Personal information
- Full name: Robert William Draper
- Born: 20 January 1903 Calcutta (now Kolkata), Bengal, India
- Died: 29 August 1987 (aged 84) Cowie's Hill, Durban, Natal, South Africa
- Batting: Right-handed
- Bowling: Left-arm medium pace

Domestic team information
- 1925–1929: Somerset

Career statistics
| Competition | FC |
| Matches | 3 |
| Runs scored | 20 |
| Batting average | 4.00 |
| 100s/50s | 0/0 |
| Top score | 11 |
| Balls bowled | 505 |
| Wickets | 6 |
| Bowling average | 36.83 |
| 5 wickets in innings | 0 |
| 10 wickets in match | 0 |
| Best bowling | 3/73 |
| Catches/stumpings | 2/– |
- Source: CricketArchive, 22 December 2015

= Robert Draper (cricketer) =

English cricketer

Robert William Draper (20 January 1903 – 29 August 1987) played first-class cricket for Somerset in three matches, two in the 1925 season and one in 1929. He was born at Calcutta, India and died at Cowie's Hill, Durban, South Africa.

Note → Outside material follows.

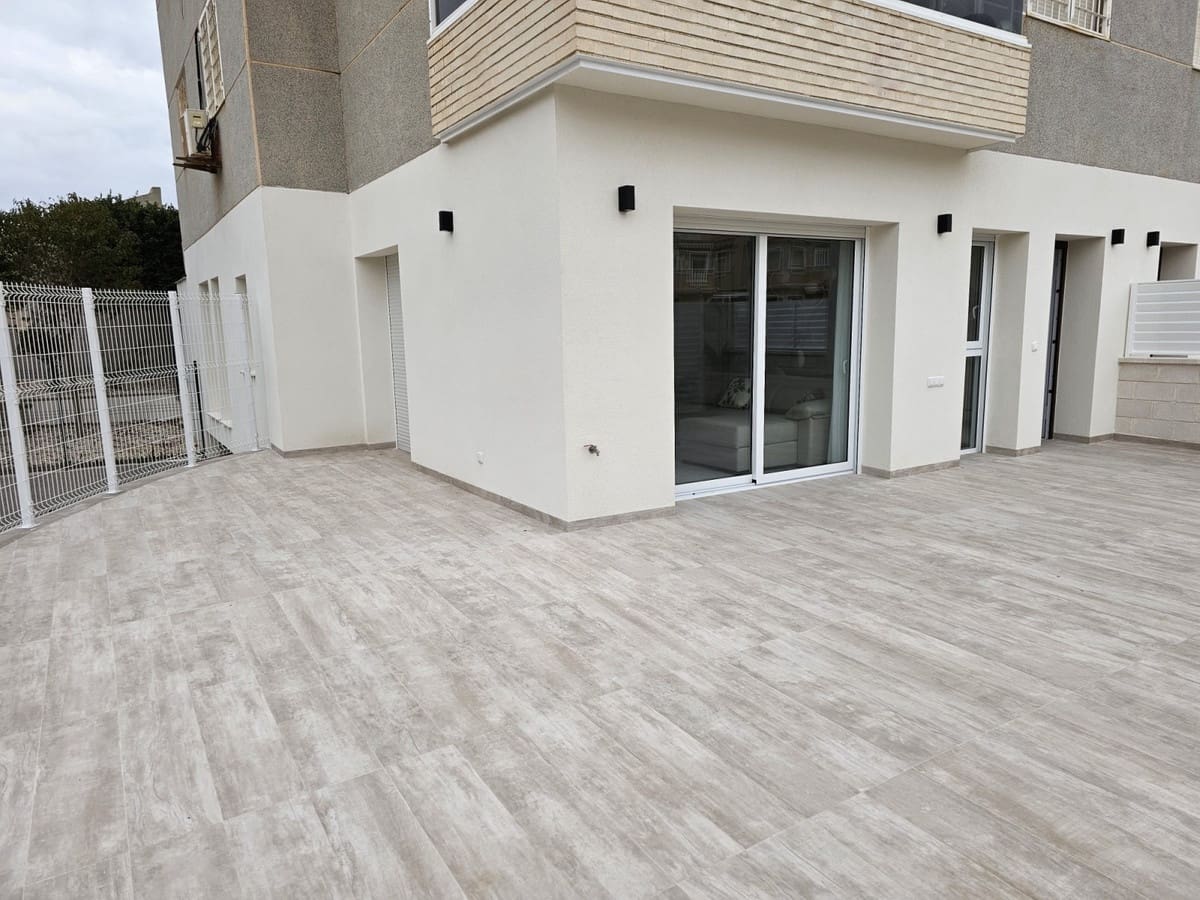 3 quarto Apartamento para venda em Torrevieja com piscina garagem - 300 000 € (Ref: 10138271)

Draper was a left-arm medium pace bowler and a tail-end batsman. He opened the Somerset bowling in each of his three matches for the team, and took three wickets in an innings in both of his matches in the 1925 season; however, both Cambridge University and Essex scored more than 400 in the innings where Draper took wickets. His single game in 1929, against Northamptonshire, was not a success: he failed to take a wicket or score a run.

Draper's record as a batsman was negligible: he scored 20 runs in four innings. It is not clear whether he batted right- or left-handed. His obituary in Wisden Cricketers' Almanack in 1988 says left-handed; his Cricketarchive profile says right.